Opportunities for mobile operators
Rural communities lacking broadband connectivity represent a large portion of the population, and that represents an opportunity for mobile network operators (MNOs).
But taking advantage of this opportunity has proven challenging. MNOs looking to expand coverage into rural areas often struggle to justify doing so because of the high cost and low return on investment.
To connect multiple sites across large rural geographic areas, fiber backhaul must be run to each cell site. Just 10 miles of fiber backhaul can cost around $186,000; when factoring in multiple rural cell sites, the costs quickly add up. Additionally, it can take up to a year to run 10 miles of fiber to a rural cell site.
Using microwave backhaul for connecting cell sites in these rural areas is also challenging. One complete microwave relay system can cost an average of $70,000. The investment further increases when factoring in multiple hops required over long distances or around obstacles, such as mountains.
The case for satellite backhaul
Satellite technology offers many advantages to MNOs looking for a faster, more cost-efficient means of backhauling 4G and 5G coverage to rural and remote areas.
For starters, geostationary satellite networks enable MNOs to backhaul as many cell sites as needed, wherever they are needed, without the topographical constraints or long lead times typical of terrestrial backhaul approaches. Instead of taking up to a year or more to connect rural cell sites using terrestrial backhaul, sites can be connected by satellite to an MNO’s core network in a matter of weeks.

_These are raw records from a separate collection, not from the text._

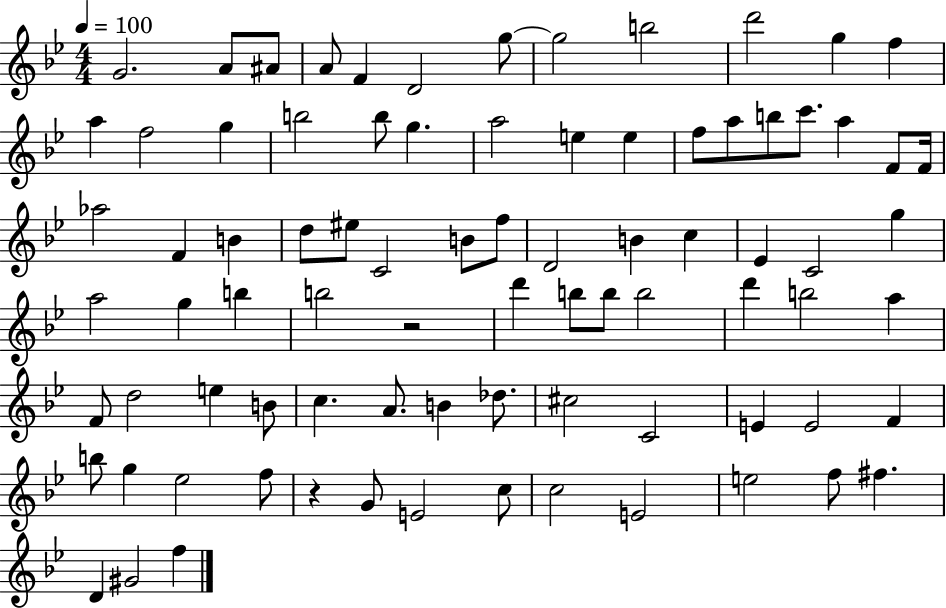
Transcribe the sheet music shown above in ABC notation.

X:1
T:Untitled
M:4/4
L:1/4
K:Bb
G2 A/2 ^A/2 A/2 F D2 g/2 g2 b2 d'2 g f a f2 g b2 b/2 g a2 e e f/2 a/2 b/2 c'/2 a F/2 F/4 _a2 F B d/2 ^e/2 C2 B/2 f/2 D2 B c _E C2 g a2 g b b2 z2 d' b/2 b/2 b2 d' b2 a F/2 d2 e B/2 c A/2 B _d/2 ^c2 C2 E E2 F b/2 g _e2 f/2 z G/2 E2 c/2 c2 E2 e2 f/2 ^f D ^G2 f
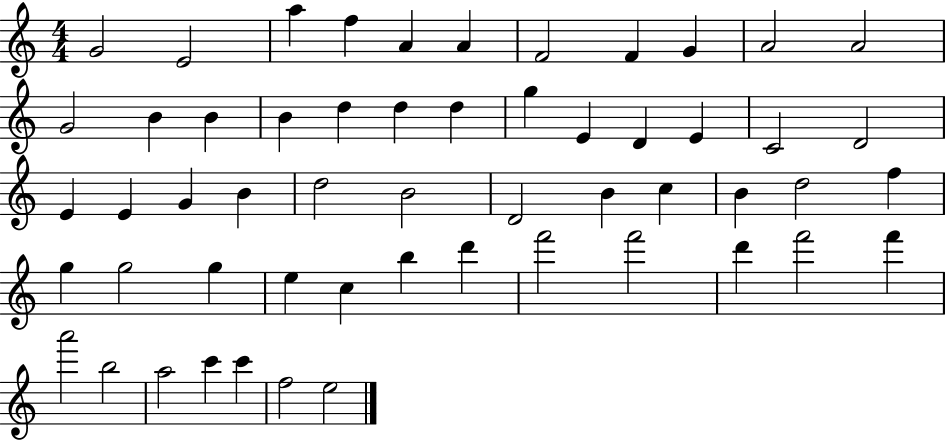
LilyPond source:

{
  \clef treble
  \numericTimeSignature
  \time 4/4
  \key c \major
  g'2 e'2 | a''4 f''4 a'4 a'4 | f'2 f'4 g'4 | a'2 a'2 | \break g'2 b'4 b'4 | b'4 d''4 d''4 d''4 | g''4 e'4 d'4 e'4 | c'2 d'2 | \break e'4 e'4 g'4 b'4 | d''2 b'2 | d'2 b'4 c''4 | b'4 d''2 f''4 | \break g''4 g''2 g''4 | e''4 c''4 b''4 d'''4 | f'''2 f'''2 | d'''4 f'''2 f'''4 | \break a'''2 b''2 | a''2 c'''4 c'''4 | f''2 e''2 | \bar "|."
}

Satellite networks can also dynamically distribute a single pool of capacity across an entire network of rural sites based on planned per-site demand, while meeting quality-of-service requirements. As a result, the cost of satellite capacity is also dynamically distributed across the entire network of sites.
Advances in satellite technology also mean smaller, less costly satellite antennas as well as high-performing satellite modems, ensuring an optimal digital experience for end users.
For decades, satellite-based backhaul solutions have supported MNOs in connecting the unconnected by enabling rapid and cost-effective network expansion. And today, satellite backhaul managed services can help to cost-effectively expand 4G or 5G mobile broadband coverage to everyone.
Caption: satellite backhaul managed services, like those offered by Intelsat, can help to cost-effectively expand 4G or 5G mobile broadband coverage.